On Nov 30, 2010, at 9:06 AM, Leif Arne Storset wrote:

>> On Nov 28, 2010, at 11:38 PM, Rik Cabanier wrote:
>> 
>>> Yes, for tiling rotated gradients, there's a need to have a 'background-rotate' keyword which doesn't seem to exist.
> 
> In the gradient implementation I'm working on at the moment, I've solved this by adding an optional spread argument to the gradient function, like so:
> 
> linear-gradient(left top, repeat, orange 0%, white, blue 50%);
> 
> The spread argument can be 'repeat', 'reflect' or 'extend' (default if not given). I called the default "extend" since it seemed more intuitive than "clamp", the internal name for it. See the attached image for a demonstration.

I don't understand. What is the difference between "extend" and "none"?

> I'm not formally proposing it yet, but if we want to repeat along the gradient line I think this is a more elegant way to express it than using 'background-repeat': what concerns only gradients can stay in the gradient function. It does require 'background-repeat: extend' in order to have visible effects.

It does require 'background-repeat: extend' ? But it is more elegant than using 'background-repeat'? Those two statements sound contradictory.
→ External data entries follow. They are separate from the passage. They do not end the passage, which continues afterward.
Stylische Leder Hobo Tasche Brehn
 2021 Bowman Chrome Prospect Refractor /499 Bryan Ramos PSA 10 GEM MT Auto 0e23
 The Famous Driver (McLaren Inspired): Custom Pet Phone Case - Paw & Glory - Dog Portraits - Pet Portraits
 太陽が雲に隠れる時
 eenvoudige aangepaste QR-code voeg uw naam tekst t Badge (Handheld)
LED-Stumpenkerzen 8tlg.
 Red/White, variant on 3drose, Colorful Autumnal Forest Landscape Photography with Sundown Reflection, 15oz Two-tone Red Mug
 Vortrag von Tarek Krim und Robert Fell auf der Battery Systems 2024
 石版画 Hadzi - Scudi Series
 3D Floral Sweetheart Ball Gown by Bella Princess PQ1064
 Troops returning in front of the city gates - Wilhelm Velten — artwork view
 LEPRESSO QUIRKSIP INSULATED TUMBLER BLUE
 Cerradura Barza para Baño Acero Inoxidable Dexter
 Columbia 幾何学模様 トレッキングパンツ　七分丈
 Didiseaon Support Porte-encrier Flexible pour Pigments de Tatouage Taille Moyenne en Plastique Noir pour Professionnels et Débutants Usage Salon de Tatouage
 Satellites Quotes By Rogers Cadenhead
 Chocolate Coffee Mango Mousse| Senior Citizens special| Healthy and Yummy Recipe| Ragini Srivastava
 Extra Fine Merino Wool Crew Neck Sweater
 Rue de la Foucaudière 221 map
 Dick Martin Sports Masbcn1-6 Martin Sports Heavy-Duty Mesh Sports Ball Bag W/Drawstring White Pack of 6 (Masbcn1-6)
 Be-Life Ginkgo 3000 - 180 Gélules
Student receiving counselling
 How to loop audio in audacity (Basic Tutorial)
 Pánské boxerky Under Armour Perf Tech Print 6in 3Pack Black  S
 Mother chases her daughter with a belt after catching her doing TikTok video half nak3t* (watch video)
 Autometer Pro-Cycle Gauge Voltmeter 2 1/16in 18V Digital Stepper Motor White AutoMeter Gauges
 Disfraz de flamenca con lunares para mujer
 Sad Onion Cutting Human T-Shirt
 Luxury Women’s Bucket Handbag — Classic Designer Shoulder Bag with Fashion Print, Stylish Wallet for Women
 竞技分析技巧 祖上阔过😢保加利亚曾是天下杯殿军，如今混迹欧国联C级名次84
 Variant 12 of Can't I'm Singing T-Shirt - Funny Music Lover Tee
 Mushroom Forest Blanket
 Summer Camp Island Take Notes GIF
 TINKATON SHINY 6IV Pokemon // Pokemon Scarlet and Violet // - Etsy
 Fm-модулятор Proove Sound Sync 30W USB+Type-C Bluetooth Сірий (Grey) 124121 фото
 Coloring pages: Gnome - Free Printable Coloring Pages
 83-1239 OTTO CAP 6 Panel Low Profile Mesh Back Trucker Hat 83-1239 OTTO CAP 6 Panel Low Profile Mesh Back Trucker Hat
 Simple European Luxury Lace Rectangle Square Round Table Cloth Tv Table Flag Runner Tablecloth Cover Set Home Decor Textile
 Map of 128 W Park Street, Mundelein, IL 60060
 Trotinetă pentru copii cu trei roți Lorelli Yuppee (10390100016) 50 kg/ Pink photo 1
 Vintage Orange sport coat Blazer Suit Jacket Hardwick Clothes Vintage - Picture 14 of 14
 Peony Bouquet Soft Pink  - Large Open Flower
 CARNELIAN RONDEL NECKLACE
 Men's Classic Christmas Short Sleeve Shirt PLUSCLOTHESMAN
I think that repeating a pattern in one or two directions should stay in the background-repeat property, as it is already and has been for many years. It has to do it anyway; it is just a matter of whether it will do it elegantly or not. So if we look at that property, we see that for any diagonal gradient the results are ugly and unlikely to be what any author would want (generally speaking). So we can either add some magic to it to automatically turn 'background-repeat: repeat-y' into 'background-repeat:repeat-in-the-direction-of-the-gradient-angle' or something (which someone pointed out problems with some time ago, although I don't recall the specific argument), or we can add another value or two to 'background-repeat'. But the point is, once this is solved for backgrounds that use images, then it doesn't need to re-solved for the images themselves. Unless someone can prove that this is really also an important need for images in other places (like filters) that don't have their own flexibility of sizing, repeating, and moving the image around.